Куммер, стоявший рядом с капитаном, быстро перевел ему слова Кованды. Но тут к ним подошел Гонзик. Кизер удивленно взглянул на него.
— Герр капитан, — решительно начал Гонзик, — арестовав Кованду, вы допустите такую несправедливость, с которой мы не можем смириться. Ефрейтор Гиль беспричинно напал на Кованду, даже не сказав ему ни слова. Разве вашим подчиненным разрешено ни с того ни с сего избивать людей в роте? Может ли чешский рабочий соблюдать дисциплину, если его наказывают без оснований?
Капитан злобно прищурился.
— Это что — приказ, как нам поступать? Уж не хотите ли вы предписывать, как с вами обращаться?
— Мы требуем человеческого обращения.
— Требуете? — прыснул капитан. — Требуете?
— Иначе нам придется обратиться в другое место.
— А куда? — рявкнул капитан. — Куда?
— Хотя бы в штаб батальона.
— Та-ак! — протянул капитан. — Вы, стало быть, угрожаете?
— Мы только хотим справедливости.
— Кованда будет примерно наказан!
— За то, что Гиль за здорово живешь избил его?

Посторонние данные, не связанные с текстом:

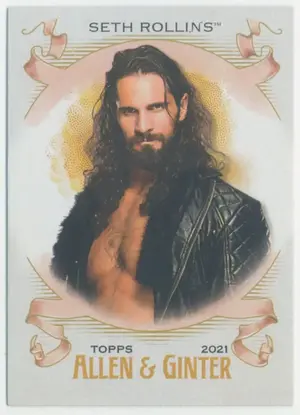 2021 Topps Heritage WWE - Seth Rollins #AG-20 Allen & Ginter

— Избил Кованду? — саркастически рассмеялся капитан, кивнув на поднимающегося с полу Гиля. — А как прикажете отнестись к этому факту? Как?
— На Кованду напали, и он защищался, — упорствовал Гонзик. — Каждый из нас поступил бы так же. Рядовой Бекерле и унтер-офицер Миклиш видели, как это произошло. — Гонзик повернулся к переводчику и сказал по-чешски. — Подтвердите же, ведь вы свидетели. Почему вы молчите?

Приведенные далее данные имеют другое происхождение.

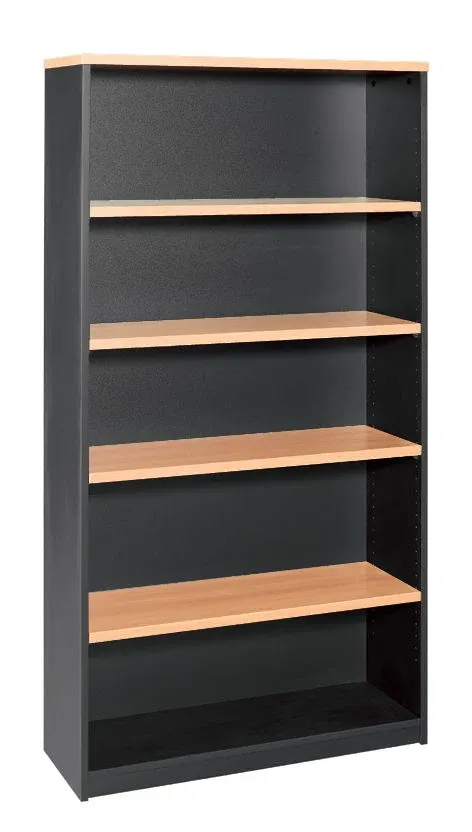 GP OMsystem Commercial Office Open Bookcase 1800mm Height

Куммер растерянно оглянулся и увидел, что на него обращены взгляды всей роты, теснившейся в коридоре.
— Он говорит правду, — подтвердил Куммер, смущенно помаргивая. — Я видел это, и рядовой Бекерле тоже.
Капитан утих и недоуменно уставился на Куммера и Бекерле, потом обернулся к Нитрибиту.

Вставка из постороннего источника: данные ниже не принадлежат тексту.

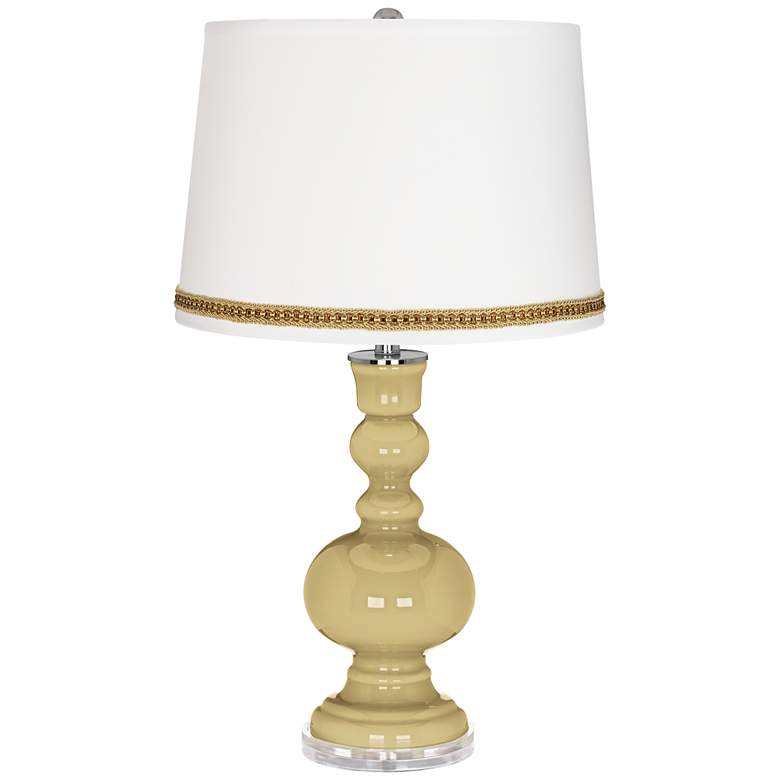 Image 1 Lemongrass Apothecary Table Lamp with Braid Trim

— Я, кажется, ясно сказал: уведите Кованду!
Но, прежде чем Нитрибит успел пошевелиться, Гонзик громко произнес:
— Если Кованда будет наказан, значит, вы не хотите, чтобы в роте был порядок. В таком случае, ни один из нас не выйдет на работу.
Словно электрический ток пробежал по рядам, молодые чехи заволновались и еще теснее примкнули друг к другу. Большинство поняло немецкую фразу Гонзика, и все повторяли ее. Сжав кулаки, парни стояли, зная, что теперь уже нельзя колебаться и уступать: теперь решается участь их всех. Гонзик слегка улыбнулся, отбросил со лба упрямую прядь и с облегчением вздохнул.
— Что-о? — воскликнул капитан, сверкнув глазами. — Что-о?
— Если герр капитан не накажет ефрейтора Гиля, рота не выйдет на работу, — твердо повторил Гонзик.
— Накажет?! — взвизгнул капитан и злобно засмеялся. — Вы мне приказываете?
— Приказывать мы не можем, — ответил Гонзик. — Мы только надеемся, что вы сумеете разобраться, кто прав.
— Кованда
— Очень хорошо знаем и не хотим, чтобы до этого дошло.
— Тогда извольте беспрекословно повиноваться. Вы отказываетесь?
— Мы всегда повиновались, — уклонился Гонзик, — пока с нами обращались по-человечески. В последнее время к нам жестоко придираются, нас бьют. Против этого мы протестуем.
Кованда старался уловить смысл разговора и переводил взгляд с капитана на Гонзика.